Los Angeles schools Supt. John Deasy and his chief deputy developed a special relationship with executives from the companies that won a key technology contract, records show, raising new questions about the bidding process in a $1-billion effort to provide a computer to every student in the nation’s second-largest school system.
This collaboration between top L.A. Unified officials and those from tech giant Apple Inc. and Pearson, detailed in public records, underscores findings from an internal school district report, which warned that officials’ actions could have created an impression of unfairness in the bidding.
It appears that the officials began discussing the school system’s effort to supply students computers equipped with online curriculum at least two years before the contract was approved.
In one email, from May 24, 2012, then-Deputy Supt. Jaime Aquino seems to strategize with higher-ups from Pearson, an international education-services company, on how to ensure that it got the job.
“I believe we would have to make sure that your bid is the lowest one,” wrote Aquino, who was an executive with a Pearson affiliate before joining L.A. Unified.
Deasy was one of the last to participate in that email exchange and made his comments after Aquino’s, which covered several topics.
“Understand your points and we need to work together on this quickly,” Deasy wrote. “I want to not loose [sic] an amazing opportunity and fully recognize our current limits.”
On Sunday, Deasy said that the conversations were only about a “pilot program we did at several schools months before we decided to do a large-scale implementation. We did work closely on this pilot.”
Deasy said he recalled that Aquino also offered another major vendor, Amplify Education Inc., a similar opportunity.
“Nothing was done in any inappropriate way whatsoever,” the superintendent said.
In June 2013, the Board of Education approved a deal with the Apple/Pearson team after senior staff assured members that its proposal was both the least expensive and highest in quality. Pearson provided curriculum; Apple was to supply iPads.

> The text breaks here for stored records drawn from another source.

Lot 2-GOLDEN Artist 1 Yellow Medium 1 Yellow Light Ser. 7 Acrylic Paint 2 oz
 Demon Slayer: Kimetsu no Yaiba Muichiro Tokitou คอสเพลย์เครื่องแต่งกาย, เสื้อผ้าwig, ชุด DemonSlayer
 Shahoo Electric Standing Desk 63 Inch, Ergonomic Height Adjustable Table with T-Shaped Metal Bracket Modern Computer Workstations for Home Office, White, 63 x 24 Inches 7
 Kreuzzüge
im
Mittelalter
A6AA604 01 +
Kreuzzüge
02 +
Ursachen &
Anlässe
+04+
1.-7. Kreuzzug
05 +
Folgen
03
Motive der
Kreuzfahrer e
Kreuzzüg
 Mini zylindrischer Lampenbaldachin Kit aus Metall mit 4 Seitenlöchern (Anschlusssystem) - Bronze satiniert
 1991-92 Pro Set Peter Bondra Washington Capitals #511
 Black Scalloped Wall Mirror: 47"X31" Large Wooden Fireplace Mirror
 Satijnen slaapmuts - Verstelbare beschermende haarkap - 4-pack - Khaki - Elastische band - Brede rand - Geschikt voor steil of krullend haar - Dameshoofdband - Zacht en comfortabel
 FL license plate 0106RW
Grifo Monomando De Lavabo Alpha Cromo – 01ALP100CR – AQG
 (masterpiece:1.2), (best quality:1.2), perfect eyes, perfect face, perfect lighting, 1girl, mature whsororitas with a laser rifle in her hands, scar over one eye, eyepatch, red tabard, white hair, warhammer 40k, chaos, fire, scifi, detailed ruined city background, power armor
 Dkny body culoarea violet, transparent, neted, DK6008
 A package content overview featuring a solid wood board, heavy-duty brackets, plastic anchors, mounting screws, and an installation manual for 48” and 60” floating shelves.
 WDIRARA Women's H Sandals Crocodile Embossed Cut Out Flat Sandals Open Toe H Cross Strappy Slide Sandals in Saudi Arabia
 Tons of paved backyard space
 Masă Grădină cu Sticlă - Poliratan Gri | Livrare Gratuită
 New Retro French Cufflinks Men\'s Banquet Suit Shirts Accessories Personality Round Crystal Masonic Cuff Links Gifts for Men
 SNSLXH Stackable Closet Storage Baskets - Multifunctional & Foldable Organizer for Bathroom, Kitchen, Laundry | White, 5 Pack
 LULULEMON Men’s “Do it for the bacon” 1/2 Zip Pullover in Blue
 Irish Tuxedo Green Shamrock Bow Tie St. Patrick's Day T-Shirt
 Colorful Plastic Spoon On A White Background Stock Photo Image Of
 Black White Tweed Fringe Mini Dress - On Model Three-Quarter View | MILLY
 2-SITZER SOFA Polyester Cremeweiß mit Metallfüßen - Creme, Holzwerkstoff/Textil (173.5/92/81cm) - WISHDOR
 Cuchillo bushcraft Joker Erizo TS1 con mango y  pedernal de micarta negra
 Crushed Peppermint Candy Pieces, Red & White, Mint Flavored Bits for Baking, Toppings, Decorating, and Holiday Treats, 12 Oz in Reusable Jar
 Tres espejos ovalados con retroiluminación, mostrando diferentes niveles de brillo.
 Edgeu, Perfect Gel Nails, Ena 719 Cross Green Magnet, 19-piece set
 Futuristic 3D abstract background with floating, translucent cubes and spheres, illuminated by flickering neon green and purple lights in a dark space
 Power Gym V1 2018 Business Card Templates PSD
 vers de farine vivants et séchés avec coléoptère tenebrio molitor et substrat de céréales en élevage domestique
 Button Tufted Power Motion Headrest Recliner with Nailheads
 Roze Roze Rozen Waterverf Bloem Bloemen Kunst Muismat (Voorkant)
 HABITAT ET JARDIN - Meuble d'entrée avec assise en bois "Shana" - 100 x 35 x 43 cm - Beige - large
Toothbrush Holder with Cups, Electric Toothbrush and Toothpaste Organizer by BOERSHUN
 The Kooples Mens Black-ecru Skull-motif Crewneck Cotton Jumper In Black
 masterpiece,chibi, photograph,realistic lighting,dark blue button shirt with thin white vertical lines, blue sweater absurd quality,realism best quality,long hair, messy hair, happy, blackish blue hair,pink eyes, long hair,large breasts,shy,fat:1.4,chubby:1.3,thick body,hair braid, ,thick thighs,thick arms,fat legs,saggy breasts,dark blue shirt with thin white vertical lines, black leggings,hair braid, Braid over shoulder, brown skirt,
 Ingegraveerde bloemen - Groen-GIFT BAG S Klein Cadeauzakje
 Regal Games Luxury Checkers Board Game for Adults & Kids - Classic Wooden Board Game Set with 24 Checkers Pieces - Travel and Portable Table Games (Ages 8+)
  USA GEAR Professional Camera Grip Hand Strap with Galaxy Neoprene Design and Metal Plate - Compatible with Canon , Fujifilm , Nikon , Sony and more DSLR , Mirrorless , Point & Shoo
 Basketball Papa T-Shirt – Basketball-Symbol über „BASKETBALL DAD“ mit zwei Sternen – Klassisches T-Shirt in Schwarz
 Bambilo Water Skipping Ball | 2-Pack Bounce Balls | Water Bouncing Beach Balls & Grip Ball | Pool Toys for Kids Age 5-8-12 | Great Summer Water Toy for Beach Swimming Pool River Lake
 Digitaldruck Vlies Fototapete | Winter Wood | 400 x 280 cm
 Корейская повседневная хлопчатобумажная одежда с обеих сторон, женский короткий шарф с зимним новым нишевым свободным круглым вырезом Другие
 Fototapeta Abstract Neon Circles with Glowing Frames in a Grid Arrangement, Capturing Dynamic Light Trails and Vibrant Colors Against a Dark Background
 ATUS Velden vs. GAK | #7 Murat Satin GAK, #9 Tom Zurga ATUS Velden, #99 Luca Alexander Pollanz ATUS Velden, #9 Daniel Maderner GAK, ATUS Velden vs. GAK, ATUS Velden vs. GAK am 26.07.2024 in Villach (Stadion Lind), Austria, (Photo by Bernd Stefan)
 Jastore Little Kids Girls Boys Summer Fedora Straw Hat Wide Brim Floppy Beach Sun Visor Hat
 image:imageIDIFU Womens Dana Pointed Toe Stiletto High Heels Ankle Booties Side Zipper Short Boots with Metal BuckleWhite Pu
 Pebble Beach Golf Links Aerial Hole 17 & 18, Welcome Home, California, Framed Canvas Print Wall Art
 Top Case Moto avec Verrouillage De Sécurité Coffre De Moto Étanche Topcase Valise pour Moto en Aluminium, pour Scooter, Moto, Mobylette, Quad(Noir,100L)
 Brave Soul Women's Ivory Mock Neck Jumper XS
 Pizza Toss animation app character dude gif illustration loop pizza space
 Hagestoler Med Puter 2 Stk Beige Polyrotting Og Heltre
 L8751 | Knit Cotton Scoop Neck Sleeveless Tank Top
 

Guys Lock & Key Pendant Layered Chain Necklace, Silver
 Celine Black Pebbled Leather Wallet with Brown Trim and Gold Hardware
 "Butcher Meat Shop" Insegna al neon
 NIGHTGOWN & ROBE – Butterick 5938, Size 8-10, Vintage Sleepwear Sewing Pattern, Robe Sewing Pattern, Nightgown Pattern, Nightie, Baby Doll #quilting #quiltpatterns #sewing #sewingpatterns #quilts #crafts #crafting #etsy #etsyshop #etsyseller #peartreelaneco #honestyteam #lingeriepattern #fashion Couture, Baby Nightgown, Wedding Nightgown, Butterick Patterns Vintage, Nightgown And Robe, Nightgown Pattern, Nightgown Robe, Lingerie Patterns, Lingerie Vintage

Last year’s iPad rollout at 47 schools was marred by several problems. Students at three campuses, for example, deleted security filters so they could browse the Internet — prompting officials to prohibit the use of the devices outside school. At times, officials also provided conflicting or incorrect answers about the project to a technology committee headed by school board member Monica Ratliff.
Ratliff and her senior staff compiled the draft report that criticized the bidding process; a copy was obtained by The Times last week.
Although the report makes no reference to the emails, it cites other statements and events that could be viewed as suggesting that Apple and Pearson had an inside track. These include a promotional video for the iPad filmed by Deasy more than a year before the bidding.
The new disclosures are fuel for critics who’ve speculated about whether the winners had an unfair advantage.
“It looked like Apple was positioned to be the choice,” said Chiara Tellini, who represented Mind Research Institute, an Irvine company with a competing curriculum.
The contracting process has cleared one level of scrutiny, however. Months ago, it underwent a confidential review by the school district’s inspector general. The Los Angeles County district attorney’s office later reviewed that analysis and determined that no criminal charges were warranted.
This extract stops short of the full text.